WHAT THE TASK REQUIRES: Within the lines below, the span from the line with "Silhouette children standing" to the line with "Trapuntino Leggero Coco", both ends included, is to be reproduced exactly, with pictures omitted.

GIVEN RECORDS:
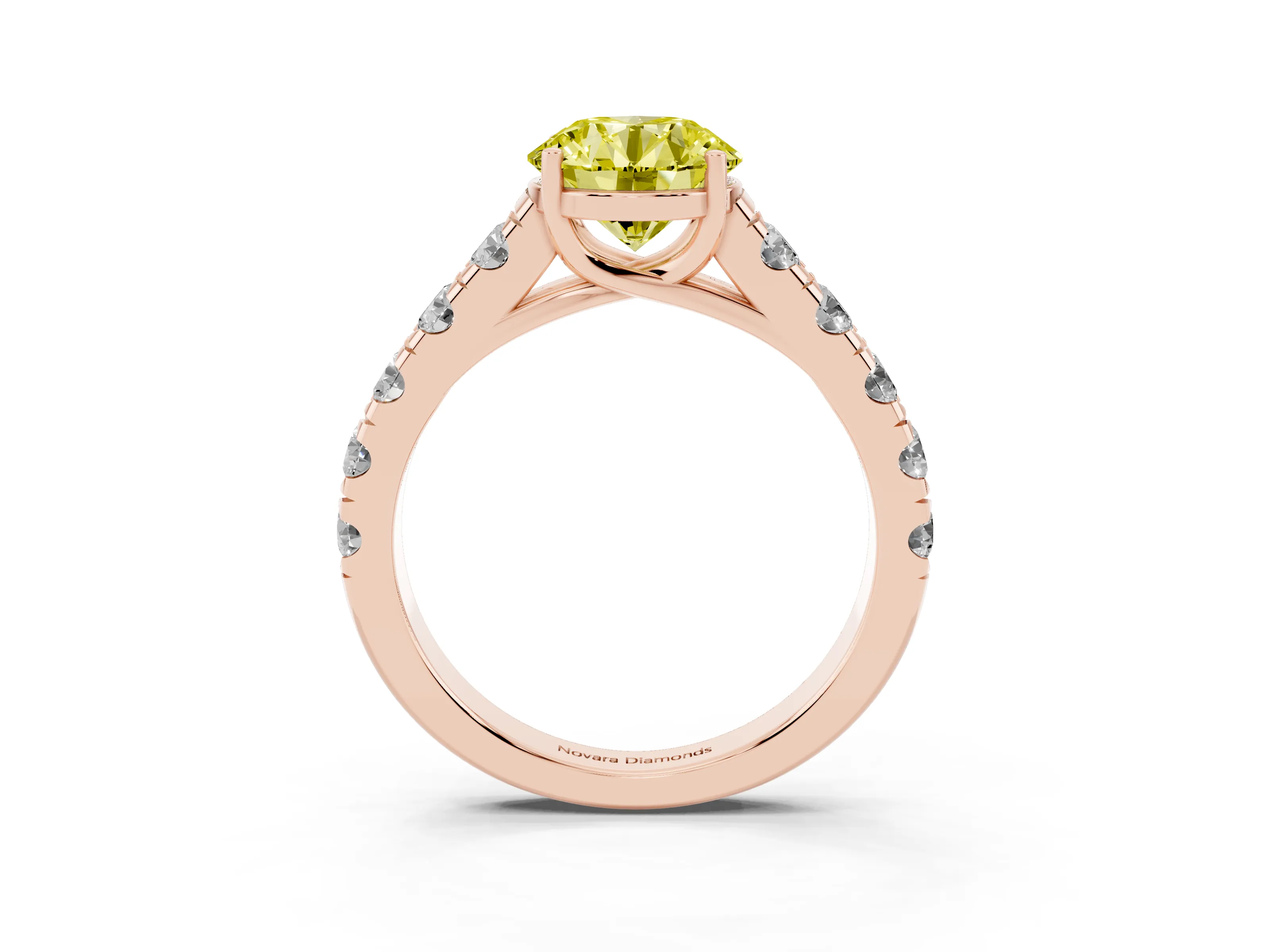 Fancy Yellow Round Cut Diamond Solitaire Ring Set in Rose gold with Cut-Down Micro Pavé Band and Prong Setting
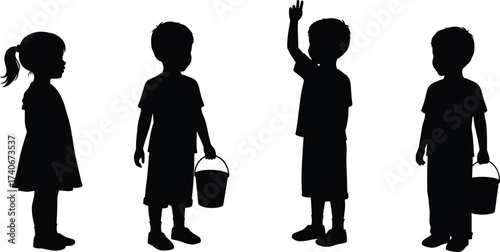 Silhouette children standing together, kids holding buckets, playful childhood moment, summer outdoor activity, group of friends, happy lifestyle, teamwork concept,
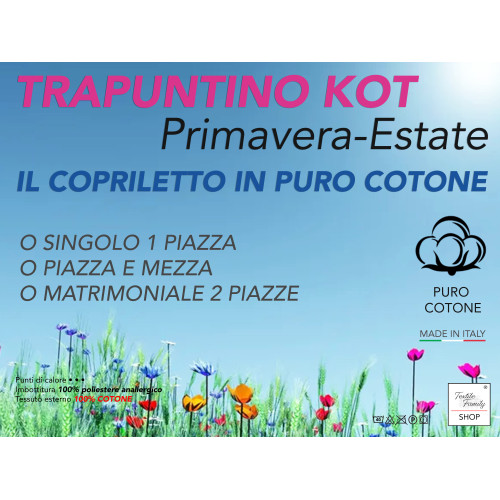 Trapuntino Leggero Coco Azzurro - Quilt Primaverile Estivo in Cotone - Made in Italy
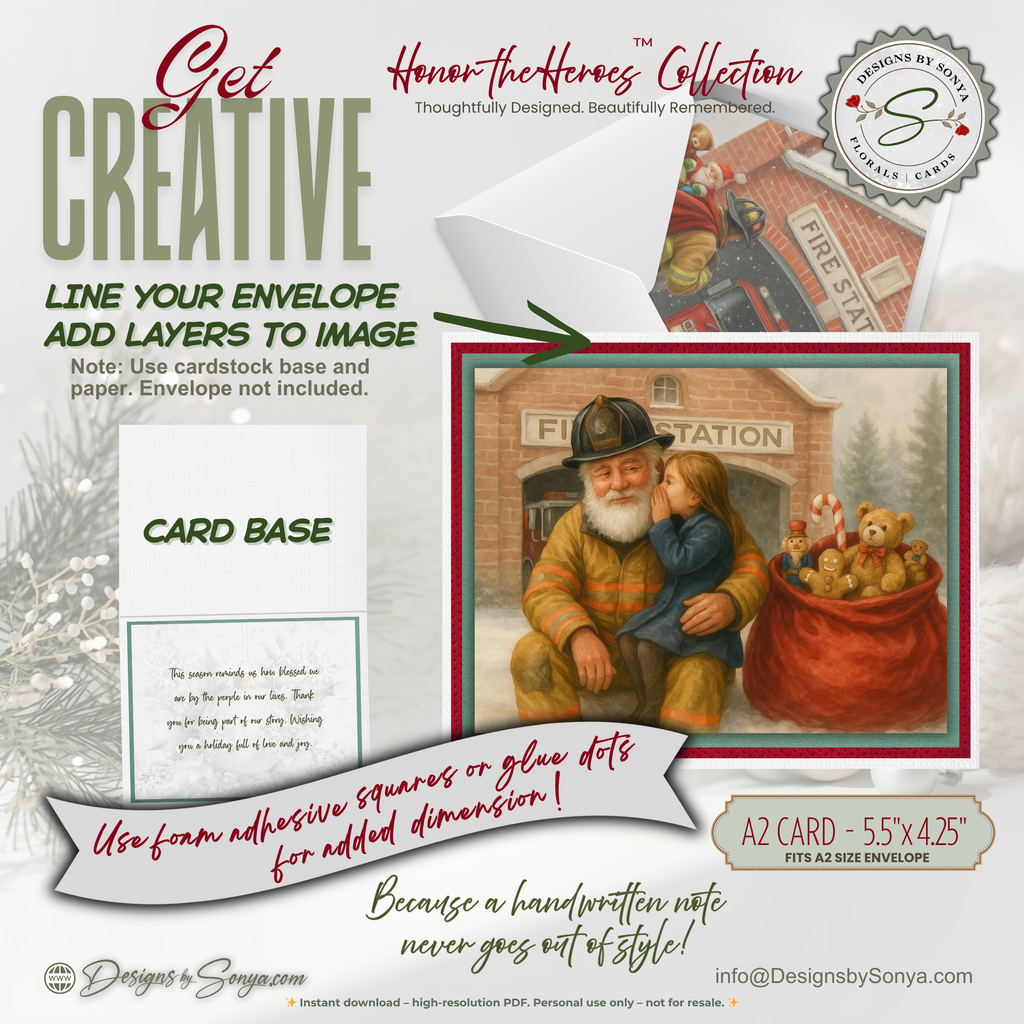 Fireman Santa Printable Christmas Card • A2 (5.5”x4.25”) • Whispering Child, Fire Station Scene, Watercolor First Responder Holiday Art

...

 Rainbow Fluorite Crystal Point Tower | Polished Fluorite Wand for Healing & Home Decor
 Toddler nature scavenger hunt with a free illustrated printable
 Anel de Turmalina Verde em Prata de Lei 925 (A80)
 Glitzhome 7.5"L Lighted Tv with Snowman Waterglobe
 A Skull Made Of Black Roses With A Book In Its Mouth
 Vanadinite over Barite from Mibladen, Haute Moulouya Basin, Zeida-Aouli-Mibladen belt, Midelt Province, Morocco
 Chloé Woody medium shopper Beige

--

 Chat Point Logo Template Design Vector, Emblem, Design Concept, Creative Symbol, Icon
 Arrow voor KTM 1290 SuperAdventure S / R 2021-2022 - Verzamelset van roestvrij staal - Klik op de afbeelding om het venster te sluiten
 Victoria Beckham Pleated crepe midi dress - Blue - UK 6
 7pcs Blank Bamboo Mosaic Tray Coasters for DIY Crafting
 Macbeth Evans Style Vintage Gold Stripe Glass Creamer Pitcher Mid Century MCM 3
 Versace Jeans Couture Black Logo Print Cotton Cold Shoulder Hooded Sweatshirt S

EXPECTED OUTPUT:
 Silhouette children standing together, kids holding buckets, playful childhood moment, summer outdoor activity, group of friends, happy lifestyle, teamwork concept,
 Trapuntino Leggero Coco Azzurro - Quilt Primaverile Estivo in Cotone - Made in Italy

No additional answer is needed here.